BTW: NASA Watch is pissed that the co-investigator of the Kepler Mission made the first release of Kepler results at the private TED presentation in a foreign country where only people paying thousands of dollars could attend and where the public finds out weeks later when the video gets to the internet.

Characteristics of Kepler planetary candidates based on the first data set: the majority are found to be Neptune-size and smaller (29 pages)

In the spring of 2009, the Kepler Mission commenced high-precision photometry on nearly 156,000 stars to determine the frequency and characteristics of small exoplanets, conduct a guest observer program, and obtain asteroseismic data on a wide variety of stars. On 15 June 2010 the Kepler Mission released data from the first quarter of observations. At the time of this publication, 706 stars from this first data set have exoplanet candidates with sizes from as small as that of the Earth to larger than that of Jupiter. Here we give the identity and characteristics of 306 released stars with planetary candidates. Data for the remaining 400 stars with planetary candidates will be released in February 2011. Over half the candidates on the released list have radii less than half that of Jupiter. The released stars include five possible multi-planet systems. One of these has two Neptune-size (2.3 and 2.5 Earth-radius) candidates with near-resonant periods

The following conclusions must be tempered by recognizing that many sources of bias exist in the results and that the results apply only to the released candidates.

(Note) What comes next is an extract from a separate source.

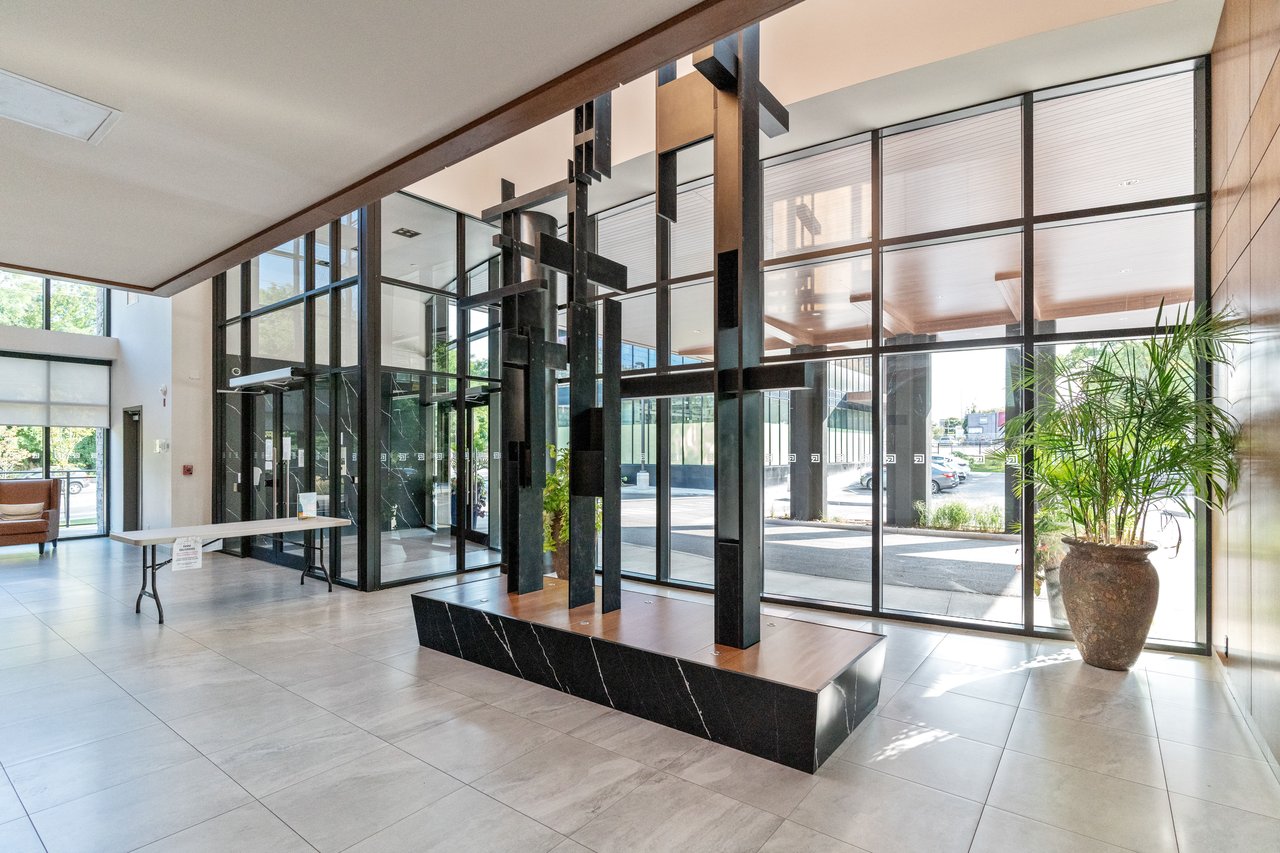 GR17-1575 Lakeshore Rd W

Most candidate planets are less than half the radius of Jupiter. There is a broad maximum in the frequency of candidates with orbital period in the range from 2 to 5 days. This peak is more prominent for large candidate planets than it is for small candidates.

The observed occurrence frequencies of super-Earth-, Neptune-, Jupiter-, and super-Jupiter-size candidates in short period orbits are approximately 5×10^-4, 3×10^-3, 9×10^-4, and 2×10^-4, respectively. These values are much lower than unbiased values because of no corrections have been made for factors such as stellar size, magnitude, or variability.

The distributions of orbital period and magnitude of the candidates larger than Jupiter appear to be quite different from those of smaller candidates and might represent small stellar companions or errors in the size estimation of the dimmest stars in the Kepler planet search program.

One of the five candidate multi-planet systems has two super-Earth-size candidates (2.5 and 2.3 R⊕) with near-resonant periods of 5.96 and 12.04 days.